Task:
Write out, word for word, every line in the data below from the one containing "4 BHK Flat In" to the one containing "idrus_crb's tweet photo.", both of them included.

Dataset records:
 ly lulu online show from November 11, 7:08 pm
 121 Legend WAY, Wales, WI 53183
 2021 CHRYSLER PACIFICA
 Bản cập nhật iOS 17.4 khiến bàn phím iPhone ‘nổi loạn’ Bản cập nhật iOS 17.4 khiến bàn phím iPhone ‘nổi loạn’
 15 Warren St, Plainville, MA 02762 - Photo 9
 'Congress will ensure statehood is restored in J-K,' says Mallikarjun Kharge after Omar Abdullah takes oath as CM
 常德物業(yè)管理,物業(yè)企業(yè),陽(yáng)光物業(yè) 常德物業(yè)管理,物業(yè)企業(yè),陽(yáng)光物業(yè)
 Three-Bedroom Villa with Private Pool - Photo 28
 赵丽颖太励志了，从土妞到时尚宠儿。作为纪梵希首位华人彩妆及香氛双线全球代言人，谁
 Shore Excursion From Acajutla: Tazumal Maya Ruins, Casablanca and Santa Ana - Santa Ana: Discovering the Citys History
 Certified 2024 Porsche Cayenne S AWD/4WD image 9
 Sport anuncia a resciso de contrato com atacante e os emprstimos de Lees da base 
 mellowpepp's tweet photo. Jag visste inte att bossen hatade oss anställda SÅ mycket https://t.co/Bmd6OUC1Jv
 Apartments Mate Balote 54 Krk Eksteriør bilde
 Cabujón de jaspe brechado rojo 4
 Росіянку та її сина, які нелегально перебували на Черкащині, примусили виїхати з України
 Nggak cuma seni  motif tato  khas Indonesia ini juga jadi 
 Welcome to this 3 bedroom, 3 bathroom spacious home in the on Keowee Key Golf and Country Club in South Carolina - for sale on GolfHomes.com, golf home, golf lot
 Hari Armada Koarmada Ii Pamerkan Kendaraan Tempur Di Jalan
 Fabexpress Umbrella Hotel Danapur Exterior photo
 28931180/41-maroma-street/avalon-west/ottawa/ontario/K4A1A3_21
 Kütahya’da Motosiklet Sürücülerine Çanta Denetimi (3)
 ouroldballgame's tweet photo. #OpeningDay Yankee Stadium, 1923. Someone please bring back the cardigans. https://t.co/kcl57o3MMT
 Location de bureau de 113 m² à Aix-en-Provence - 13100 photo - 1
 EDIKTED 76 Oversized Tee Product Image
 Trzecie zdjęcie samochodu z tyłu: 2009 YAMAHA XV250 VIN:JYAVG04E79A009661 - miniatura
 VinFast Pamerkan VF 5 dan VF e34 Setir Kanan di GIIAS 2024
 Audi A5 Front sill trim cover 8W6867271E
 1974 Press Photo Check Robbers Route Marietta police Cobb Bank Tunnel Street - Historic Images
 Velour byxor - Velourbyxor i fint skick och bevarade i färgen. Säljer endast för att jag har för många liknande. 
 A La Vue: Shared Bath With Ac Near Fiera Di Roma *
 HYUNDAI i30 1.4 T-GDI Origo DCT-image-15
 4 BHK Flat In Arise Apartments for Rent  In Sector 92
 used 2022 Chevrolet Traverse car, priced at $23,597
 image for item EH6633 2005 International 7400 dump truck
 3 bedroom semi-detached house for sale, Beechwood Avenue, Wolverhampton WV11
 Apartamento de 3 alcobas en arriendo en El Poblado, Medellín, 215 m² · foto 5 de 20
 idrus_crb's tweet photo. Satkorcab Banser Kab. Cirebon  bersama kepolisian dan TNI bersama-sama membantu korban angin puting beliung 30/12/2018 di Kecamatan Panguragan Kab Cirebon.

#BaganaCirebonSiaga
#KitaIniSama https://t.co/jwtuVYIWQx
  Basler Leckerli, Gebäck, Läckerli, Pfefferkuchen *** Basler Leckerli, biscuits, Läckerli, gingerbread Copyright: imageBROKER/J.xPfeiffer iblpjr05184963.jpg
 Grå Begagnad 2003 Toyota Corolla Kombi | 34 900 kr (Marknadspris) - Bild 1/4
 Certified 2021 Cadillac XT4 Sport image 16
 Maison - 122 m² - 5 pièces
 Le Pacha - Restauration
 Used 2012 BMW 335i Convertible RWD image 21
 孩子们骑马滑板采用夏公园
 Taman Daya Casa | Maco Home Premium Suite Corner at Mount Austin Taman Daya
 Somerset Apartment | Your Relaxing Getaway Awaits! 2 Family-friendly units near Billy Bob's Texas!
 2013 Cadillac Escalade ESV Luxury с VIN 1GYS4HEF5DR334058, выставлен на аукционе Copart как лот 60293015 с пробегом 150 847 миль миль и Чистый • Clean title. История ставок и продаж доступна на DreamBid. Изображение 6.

Answer for the task:
 4 BHK Flat In Arise Apartments for Rent  In Sector 92
 used 2022 Chevrolet Traverse car, priced at $23,597
 image for item EH6633 2005 International 7400 dump truck
 3 bedroom semi-detached house for sale, Beechwood Avenue, Wolverhampton WV11
 Apartamento de 3 alcobas en arriendo en El Poblado, Medellín, 215 m² · foto 5 de 20
 idrus_crb's tweet photo. Satkorcab Banser Kab. Cirebon  bersama kepolisian dan TNI bersama-sama membantu korban angin puting beliung 30/12/2018 di Kecamatan Panguragan Kab Cirebon.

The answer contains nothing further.